The powerful influence of color
In my current role as Director of Labs and Chief Scientist for Art.com, I do a lot of thinking about color (or “colour” for my UK friends). It is easily one of the most fascinating topics I have pondered in a long time.
My labs team is trying to solve various problems to do with perception, taste and color harmony. The end goal is to suggest decor products that the user will find pleasing in his or her current, or planned, space.
This inevitably means that we have to use software to figure out what people might love. I’ve met and interviewed various color experts, interior designers, and all manner of folks in the “color business,” whether that’s fashion, decor, painting or image processing.
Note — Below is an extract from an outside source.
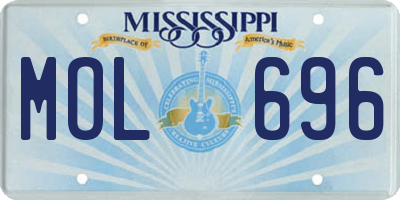 MS license plate MOL696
We’ve set out to build a “decor engine” that will attempt to understand color, decor, taste and then find products that fit with various “decor taste profiles.”
If you want a very good introduction to color models, the Wikipedia page does a great job for the most part (and the HSV, HSL page offers lots of additional detail). For those with a greater thirst for color insights related particularly to painting, Bruce MacEvoy’s (January 2010) Color Vision book is a fascinating and curious read. Pantone publish lots of books about color, many written by the fabulous Leatrice Eiseman who has influenced a lot of my thinking about the importance of color moods.
One of the most intriguing discoveries was the existence of color prediction and an entire “color cabal” dedicated to predicting color trends, as far out as five years for the automobile industry. Of course, they are not predicting at all. They are deciding and then publishing the trends for entire industries to follow.
Now, all of the theory and machine intelligence in the world won’t make a difference without a credible user interface. And it is here that I spend most of my time pondering the issues of “interface language.” You see, all interfaces “talk” to the user, via symbols, text and a variety of visual structures.
Take the humble color palette for example. The web is now strewn with sites that offer to create, curate, suggest and design color palettes. Colourlovers.com is one of many examples. What does a palette with five colors say to its viewers? Why five, not three? Why this particular order and not another (the inevitability of using an array of color chips is that the array has to be ordered). What does the order mean?
Such questions have to be answered in terms of both the mental models that the intended recipients might have about color and color palettes, and in terms of what the “palette curator” is intending.
In product design, separating out the “technical language” from the “user language” is one of the most challenging problems. We see this all the time with software products and electronics. The greatest mind shift comes when a product manager or designer realizes that he or she is really an advocate for the user, not for his or her own design ego and worldview.
Oh, and just so you know, 2013 is the year of emerald green.